Nous resterons profondément indigné·e·s devant les nombreux exemples d’utilisation disproportionnée et illégale de la force policière : refus d’appeler les parent·e·s lors d’arrestations de mineur·e·s, arrestations abusives, menottages illégaux, y compris en cellule, gaz lacrymogènes à bout portant, nasses d’enfants, insultes racistes et transphobes, violences sexuelles, profilage racial, refus de porter les numéros d’identification, matraquages ultra-violents y compris à la tête, utilisation de plaquages ventraux avec les genoux sur la nuque, qui présentent des risques létaux, parfois jusqu’à trois ou quatre agents sur un enfant à terre, étranglements, violences sur des personnes en béquilles ou visiblement déjà blessées, menaces et intimidations, refus d’accès à l’eau et aux sanitaires, etc. Tout ceci n’est pas nouveau, nous le savons et d’autres que nous le vivent et le documentent depuis bien plus longtemps, d’autres que nous en parlent depuis bien plus longtemps, et ce sont toujours les mêmes qui ne les écoutent pas.
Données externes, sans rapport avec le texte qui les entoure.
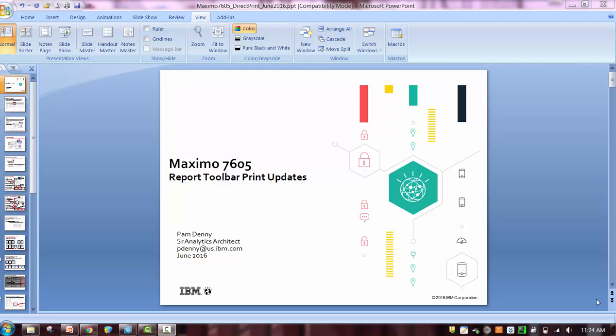Hi, my name is Pam Denny. I'm an analytics architect for IBM's Maximo Asset Management product.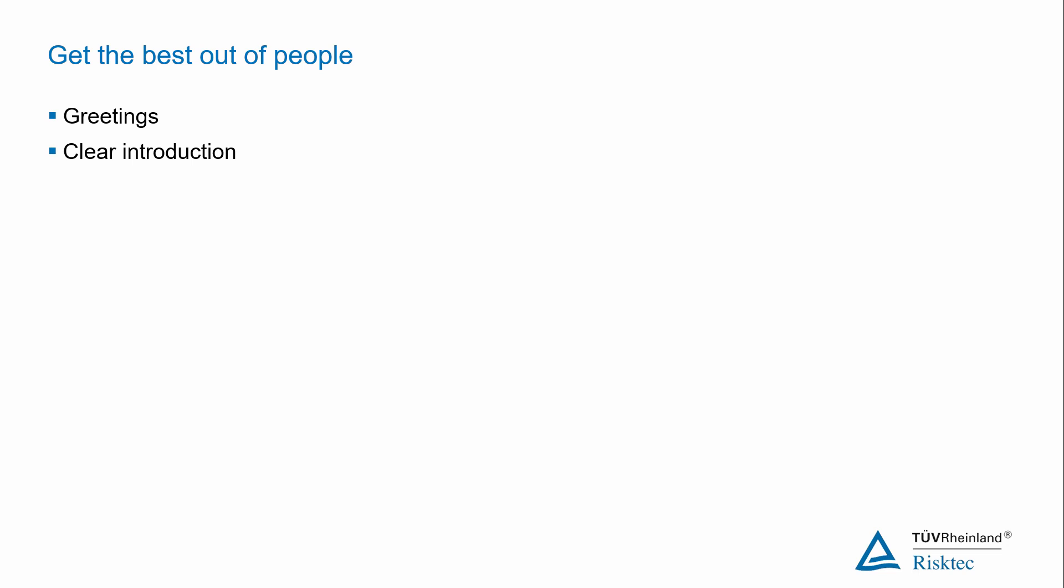Don't forget a safety briefing, directions to toilets and any ground rules such as switching off mobile phones. Even if people know each other, go round the table and ask each individual to introduce themselves. Make a note of their names so that you can direct questions at them later. And for large workshops, it can be a good idea to have name place cards for each person.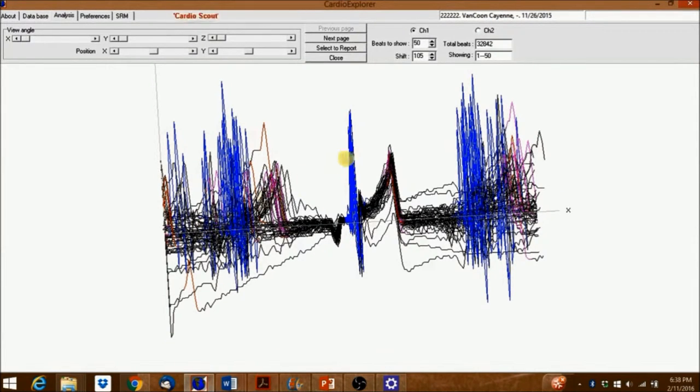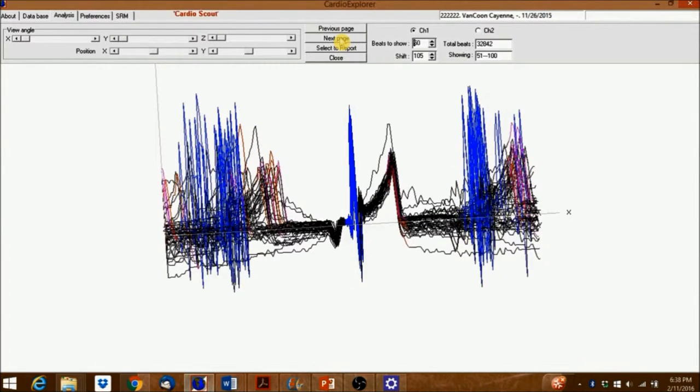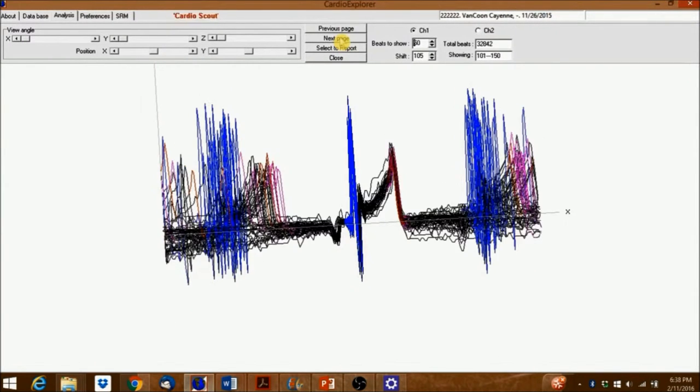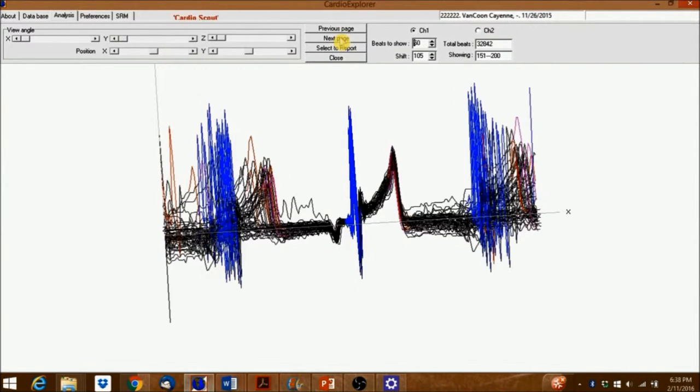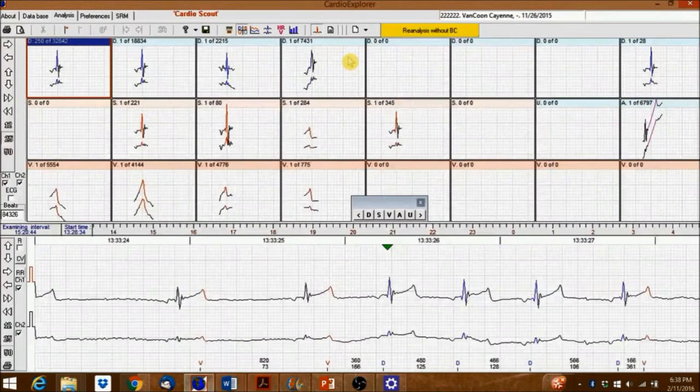If needed, click on Next Page to jump to the next selection until all beats have been inspected. Click Close to return to the previous window.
Nous tenons à souligner le courage de ces jeunes qui se soulèvent contre une réforme profondément injuste et dont les corps sont exposés à la répression.
C’est pourquoi nous appelons à soutenir et à pérenniser les initiatives comme le Nest, de manière autonome et indépendante, lors des mobilisations à venir, mais aussi à se rappeler que ce travail n’est pas nouveau, et qu’il se nourrit de nombreuses années de luttes anti-racistes et abolitionnistes, et de nombreux travaux qui nous ont précédés.
“UN GOUVERNEMENT QUI MATRAQUE SES ENFANTS EST UN GOUVERNEMENT QUI DOIT TOMBER.”